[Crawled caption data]
=====

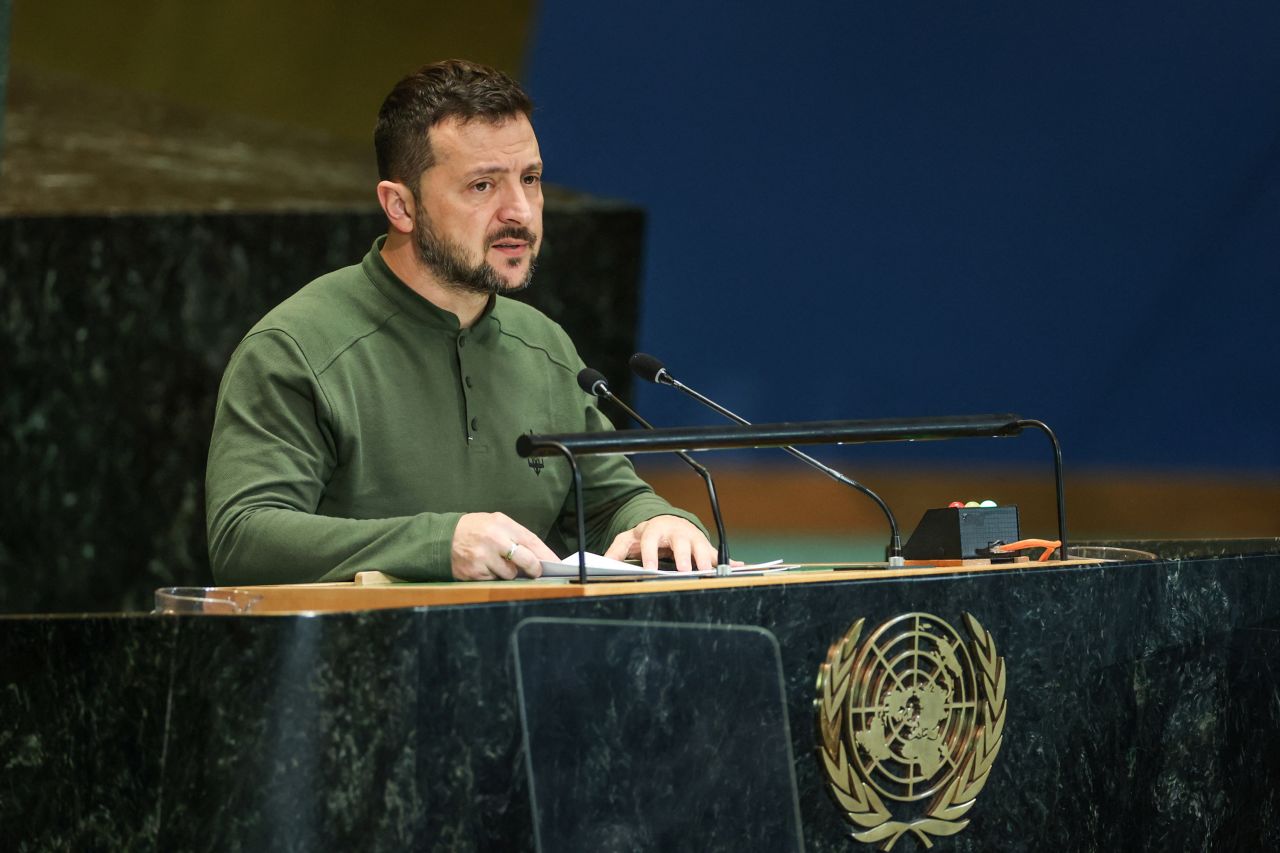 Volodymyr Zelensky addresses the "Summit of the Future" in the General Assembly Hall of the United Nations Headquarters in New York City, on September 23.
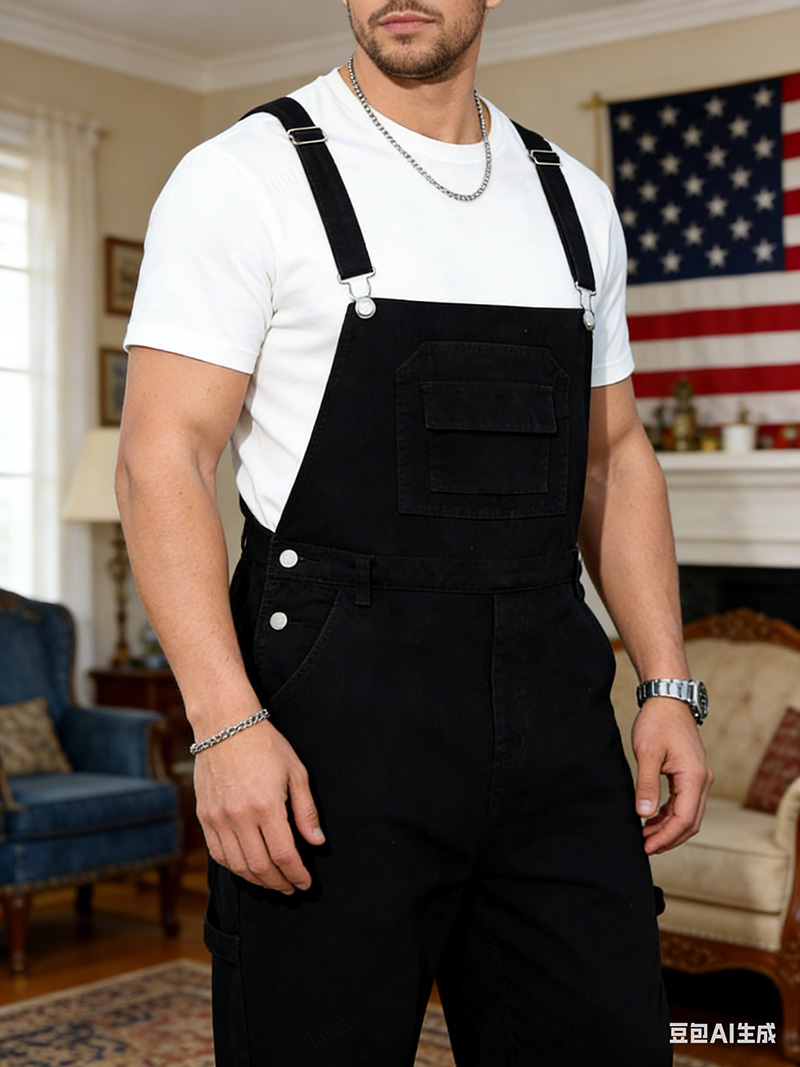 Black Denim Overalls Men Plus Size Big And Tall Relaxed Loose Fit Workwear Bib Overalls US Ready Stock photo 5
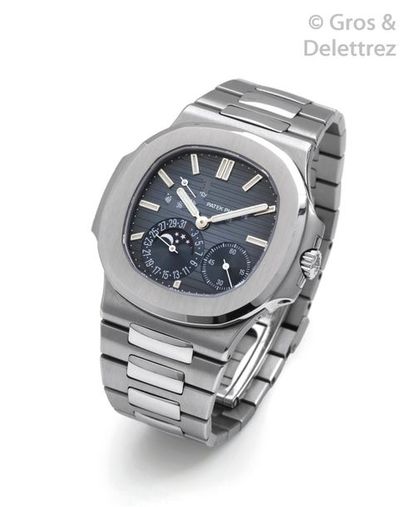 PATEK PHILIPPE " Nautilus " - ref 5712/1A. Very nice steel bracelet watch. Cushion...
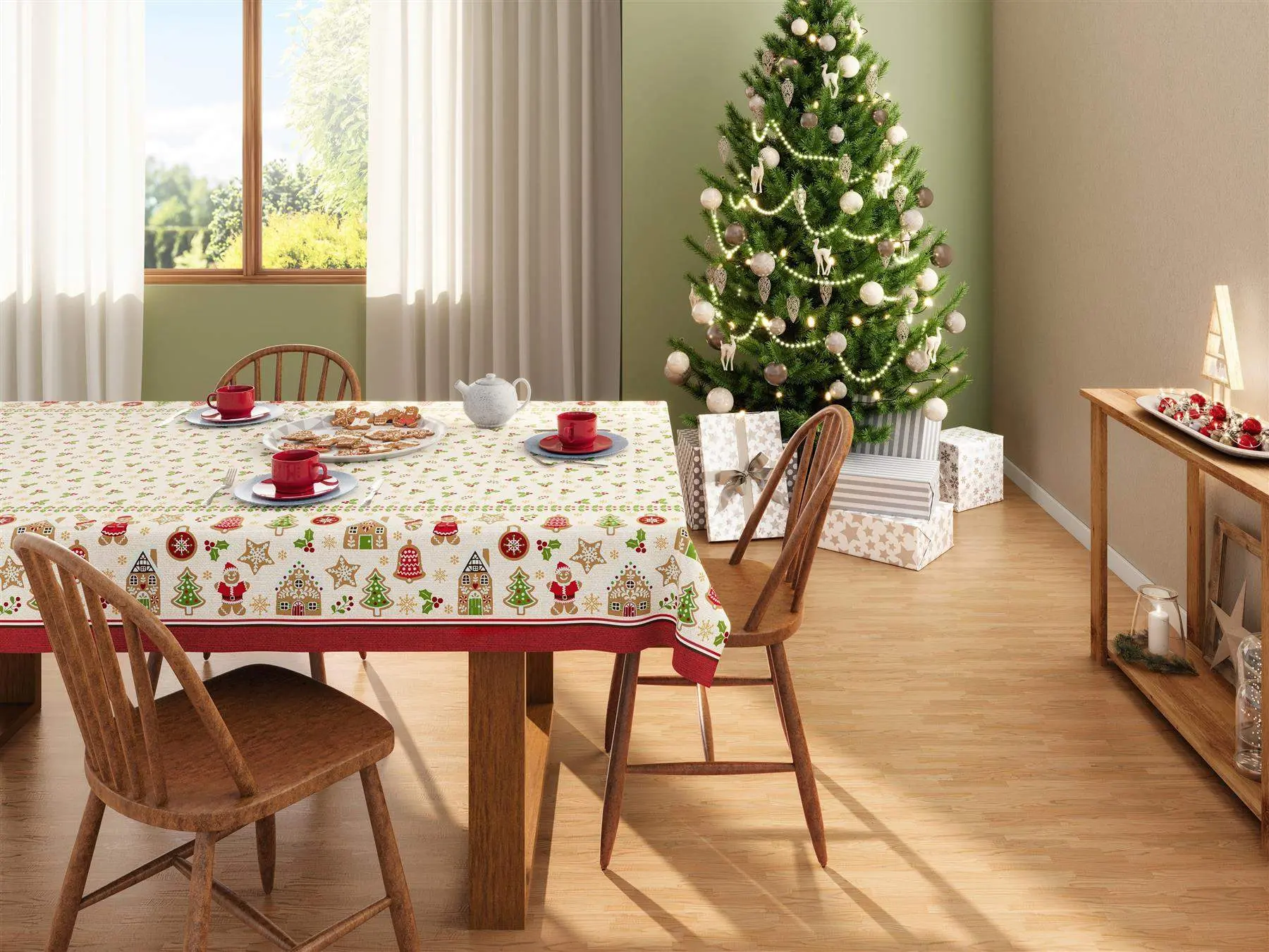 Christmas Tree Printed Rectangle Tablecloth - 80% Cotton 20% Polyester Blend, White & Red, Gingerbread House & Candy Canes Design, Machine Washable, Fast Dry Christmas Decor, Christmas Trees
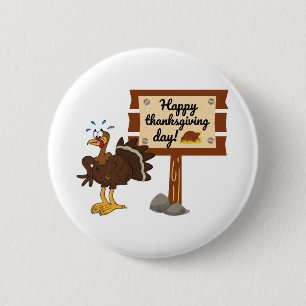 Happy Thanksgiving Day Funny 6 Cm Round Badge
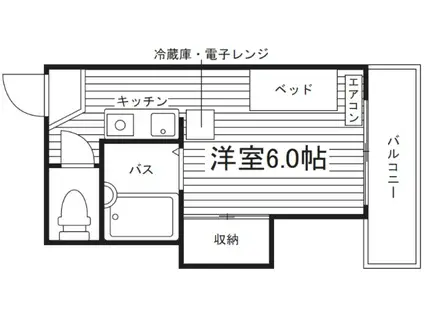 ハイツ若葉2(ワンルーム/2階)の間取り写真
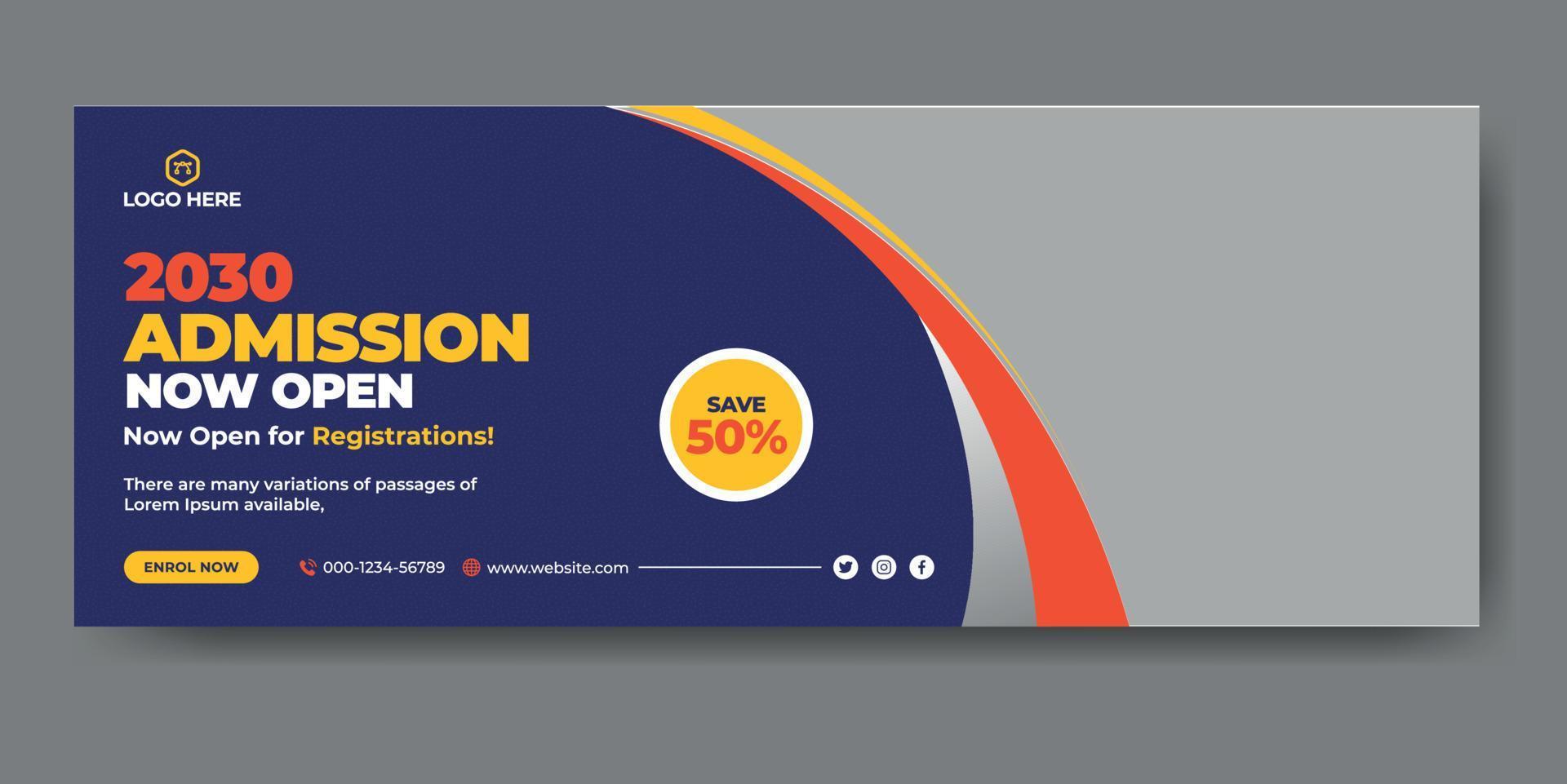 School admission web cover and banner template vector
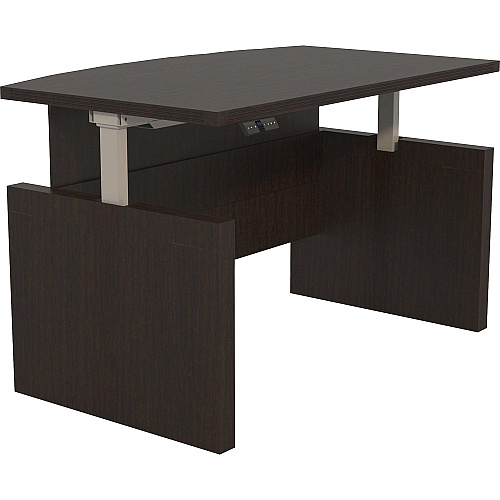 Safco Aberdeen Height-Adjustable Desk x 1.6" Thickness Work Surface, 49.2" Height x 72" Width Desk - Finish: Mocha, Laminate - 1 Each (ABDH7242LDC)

=====

=== What you will do ===
Once the line with "Christmas Tree Printed" is found above, print it and every line after it through the line with "School admission web", exactly. Pictures stay out.

=== Answer to the problem ===
 Christmas Tree Printed Rectangle Tablecloth - 80% Cotton 20% Polyester Blend, White & Red, Gingerbread House & Candy Canes Design, Machine Washable, Fast Dry Christmas Decor, Christmas Trees
 Happy Thanksgiving Day Funny 6 Cm Round Badge
 ハイツ若葉2(ワンルーム/2階)の間取り写真
 School admission web cover and banner template vector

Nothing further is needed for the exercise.